By modifying a refrigerator commonly used in both research and industry, researchers at the National Institute of Standards and Technology (NIST) in the US have drastically reduced the time and energy required to cool materials to within a few degrees above absolute zero.
The scientists say their prototype device, which they are now working to commercialise with an industrial partner, could annually save an estimated 27 million watts of power, US$30 million in global electricity consumption, and enough cooling water to fill 5,000 Olympic swimming pools.
From stabilising qubits (the basic unit of information in a quantum computer) to maintaining the superconducting properties of materials and keeping NASA’s James Webb Space Telescope cool enough to observe the heavens, ultracold refrigeration is essential to the operation of many devices and sensors. For decades, the pulse tube refrigerator (PTR) has been the workhorse device for achieving temperatures as cold as the vacuum of outer space.

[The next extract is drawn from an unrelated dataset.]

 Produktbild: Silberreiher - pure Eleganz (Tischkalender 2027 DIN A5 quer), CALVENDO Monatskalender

These refrigerators cyclically compress (heat) and expand (cool) high pressure helium gas to achieve the “big chill,” broadly analogous to the way a household refrigerator uses the transformation of freon from liquid to vapour to remove heat. For more than 40 years, the PTR has proven its reliability, but it is also power-hungry, consuming more electricity than any other component of an ultralow temperature experiment.

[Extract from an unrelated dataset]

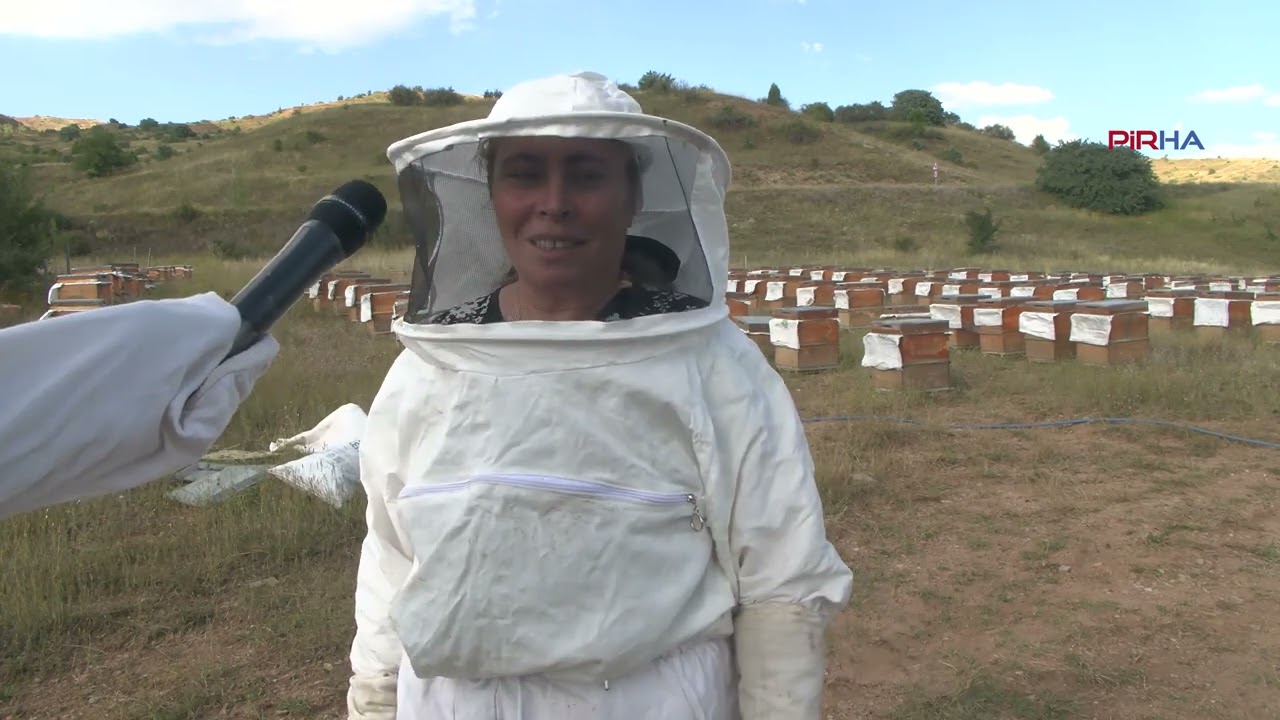 Zara’da arıcılık yapan tek kadın üretici Naciye Erkan: Sahte bal nedeniyle ürünümüz satılmıyor-VİDEO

The need for ultracold refrigerators will greatly expand as research on quantum computing, along with its reliance on cryogenic technology, continues to grow. With this in mind, the modified PTR could save money, electrical energy, and cooling water. In addition to supporting a burgeoning quantum economy, the device would also expedite research, as scientists would no longer have to wait days or weeks for qubits and other quantum components to cool.
The researchers, who include scientists from the University of Colorado Boulder, describe their method in an article posted online April 23 in Nature Communications.